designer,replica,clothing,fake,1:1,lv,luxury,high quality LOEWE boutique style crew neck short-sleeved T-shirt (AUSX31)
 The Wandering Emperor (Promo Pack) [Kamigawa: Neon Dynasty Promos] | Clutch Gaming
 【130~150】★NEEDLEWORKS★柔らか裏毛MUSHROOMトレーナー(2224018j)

......

**EXERCISE PROMPT**
Write all the data out again, exactly.

**EXERCISE OUTPUT**
designer,replica,clothing,fake,1:1,lv,luxury,high quality LOEWE boutique style crew neck short-sleeved T-shirt (AUSX31)
 The Wandering Emperor (Promo Pack) [Kamigawa: Neon Dynasty Promos] | Clutch Gaming
 【130~150】★NEEDLEWORKS★柔らか裏毛MUSHROOMトレーナー(2224018j)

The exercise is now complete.